My answer is that working fits a woman’s psychology to be ruled by a dominant male, because they have to do what their boss says. So, women transfer their dependency on a man on their boss and away from their husband.
These countries have citizens with an IQ of over 70. Now do those countries below 70..... I’ll hang up and listen...
1. Inflation everywhere raising the cost if having children
2. Decades long drumbeat of global warming gloom and doom
… leading to belief there is no future worth living.
Somalia is going to win the world demographic game.
They are being supported by others and can just pop out babies.
It's interesting how this (or variations of it) are so commonly given as a reason for not having children. This makes no sense to me. The fundamental fact is that we are dramatically more productive in 2026 than in generations past. We can build larger houses, produce more food, and consume more amenities and luxuries than ever before - and by a huge margin.
So how is it that people living in ways that would make an 18th century king drool, insist that they can't afford to have children?

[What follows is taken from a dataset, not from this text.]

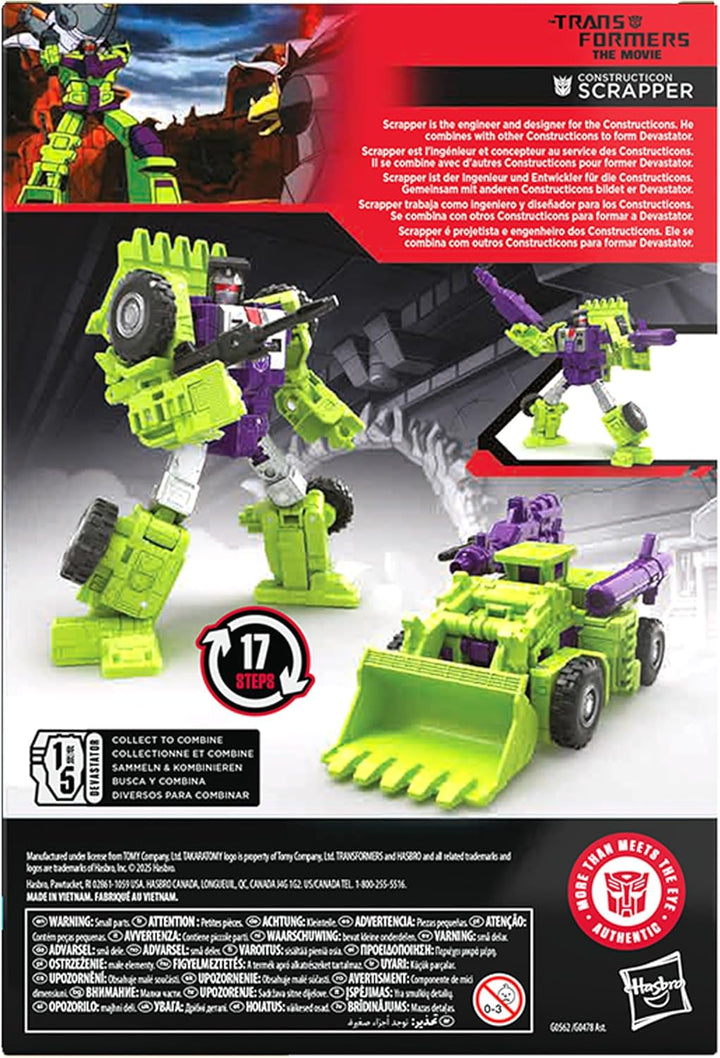 Transformers Studio Series Voyager-Klasse Transformers – Der Kampf um Cybertron Constructicon Scrapp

While a woman with no education and barely any income in a 3rd world country happily has a half dozen? This is not a reality thing, it is a perception thing - or more specifically, these are not reasons. They are excuses. Which takes us back to asking what are the REAL reasons people are not having children? They have never been more affordable in all human history.
Excuses? Reality is that these western countries have been conquered by debt. Someone in the United States is born approximately $250k in debt.
It's not just that people are surprised that a tax and debt slave doesn't want to bring children into such slavery, it's that others standing right next to them REFUSE to recognize such tax and debt slavery.
So to claim that people can't have children because of how money is arranged and distributed, in an environment where even the poorest are wildly better off than people were a few centuries ago, strikes me as false. I expect the problem of population collapse to get worse (lower and lower TFRs) because I keep getting this same sort of response when the topic comes up. It's a tragedy-of-the-commons problem: everyone can see the problem, and they just hope someone else will fix it. So barring the events of Revelation playing out, a century from now I foresee a post-apocalyptic environment, not because any nukes were ever used, but because people kept expecting government or someone else to save them, and that never happened as infrastructure and logistics and productivity collapsed around them. The early stages are already playing out.
the
COVID sterilization shot
I put that notion in the same category as flat-earth beliefs.
without God there is no hope, without hope... why bother having children.
That will not be true and hasn't been. The number of takers has far exceeded the contributors and the ratio continues to worsen.
...where even the poorest are wildly better off than people were a few centuries ago, strikes me as false.
The "Worst Negates the Bad" Fallacy, also known as "Be Grateful for What You’ve Got" is an extremely common modern logical fallacy that an objectively bad situation somehow isn’t so bad simply because it could have been far worse, or because someone, somewhere has it even worse.
"I cried because I had no shoes, until I saw someone who had no feet."
"You’re protesting because you earn only $x per hour? You could just as easily be out on the street! People in foreign countries make less than that in a week."
Telling someone they should suck it up and work harder because their ancestors didn't have the same "luxuries" doesn't change their current reality.
Slaves under pharoahs worked fewer days of the year than workers today. And slaves kept a higher percentage of their earnings than today.